__Exercise aim__.
Look through the listing below for the line containing "Men's Natural Stone". Copy it and each line after it up to and including the line containing "A1 Sozialist sein", exactly, leaving out pictures.

____ Records for the exercise

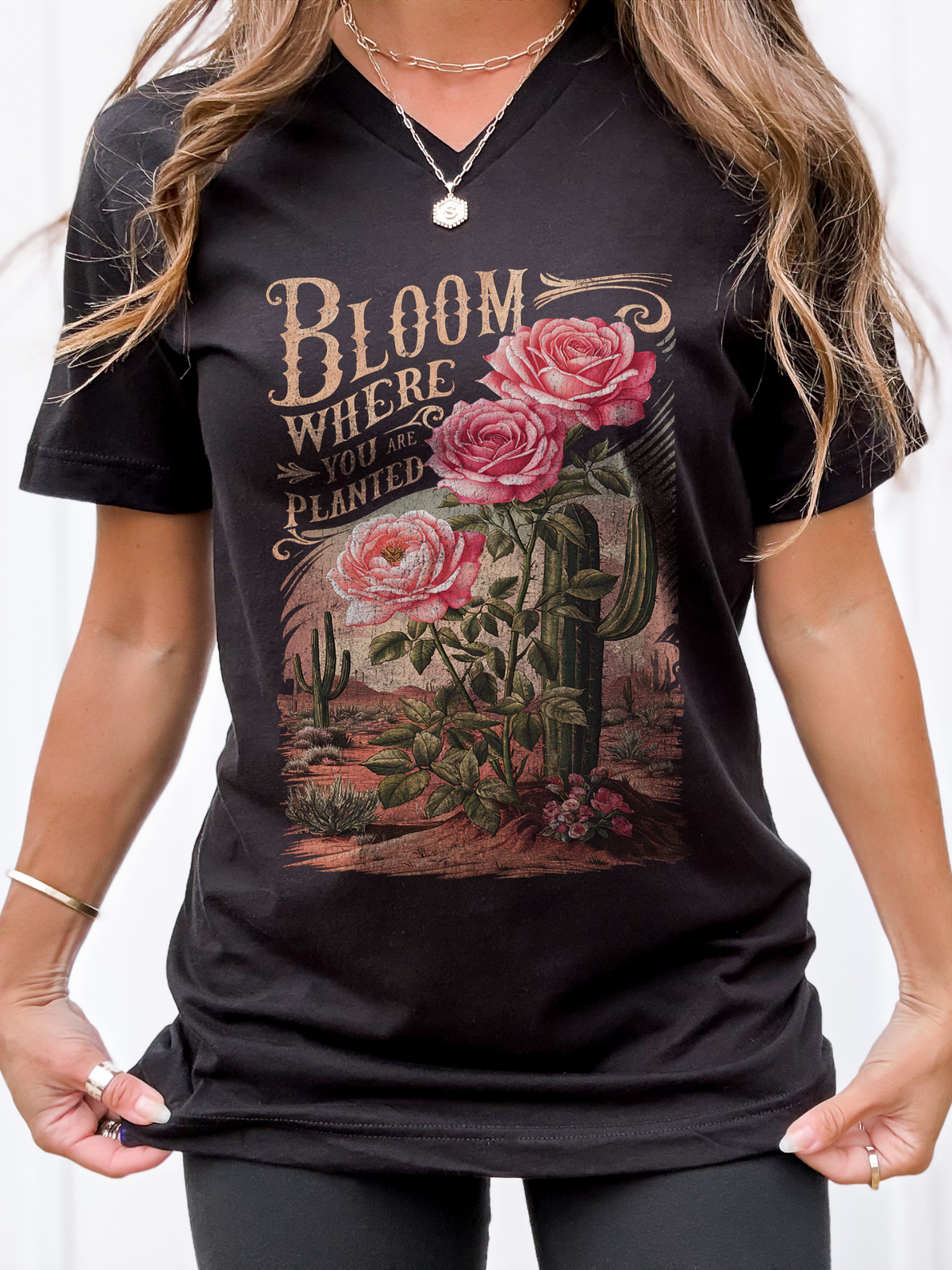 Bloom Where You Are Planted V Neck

________
____ Records for the exercise

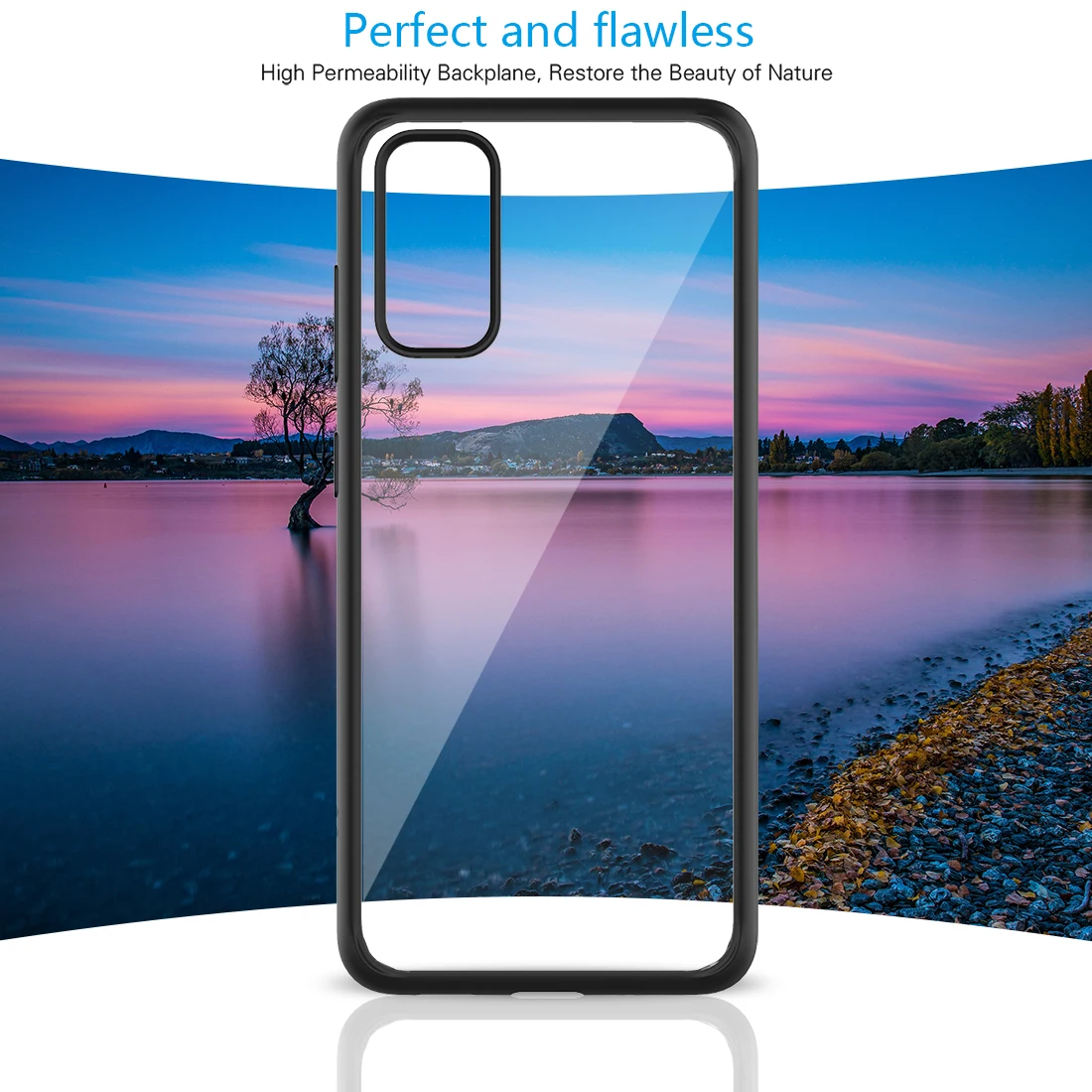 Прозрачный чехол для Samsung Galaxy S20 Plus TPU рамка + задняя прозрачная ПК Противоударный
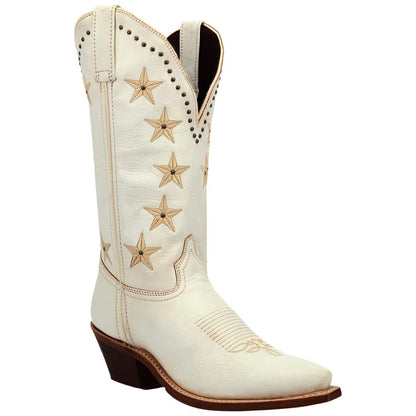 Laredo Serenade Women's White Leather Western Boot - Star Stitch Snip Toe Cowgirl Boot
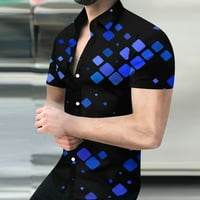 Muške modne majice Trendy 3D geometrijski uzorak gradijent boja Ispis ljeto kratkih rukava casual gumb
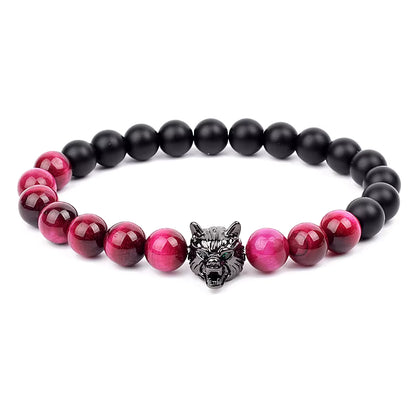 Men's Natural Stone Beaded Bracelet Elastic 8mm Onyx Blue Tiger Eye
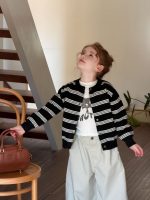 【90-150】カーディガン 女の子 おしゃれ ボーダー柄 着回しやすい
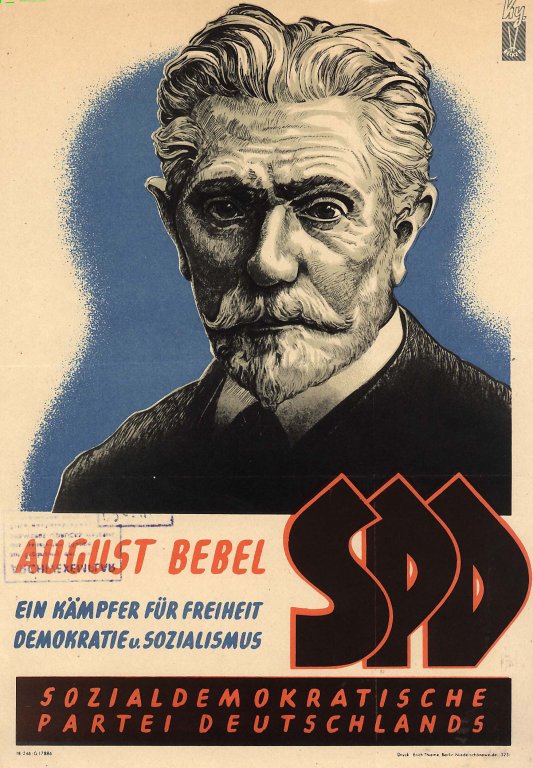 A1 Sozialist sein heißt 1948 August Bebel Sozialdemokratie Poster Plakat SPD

________

__Solution__.
 Men's Natural Stone Beaded Bracelet Elastic 8mm Onyx Blue Tiger Eye
 【90-150】カーディガン 女の子 おしゃれ ボーダー柄 着回しやすい
 A1 Sozialist sein heißt 1948 August Bebel Sozialdemokratie Poster Plakat SPD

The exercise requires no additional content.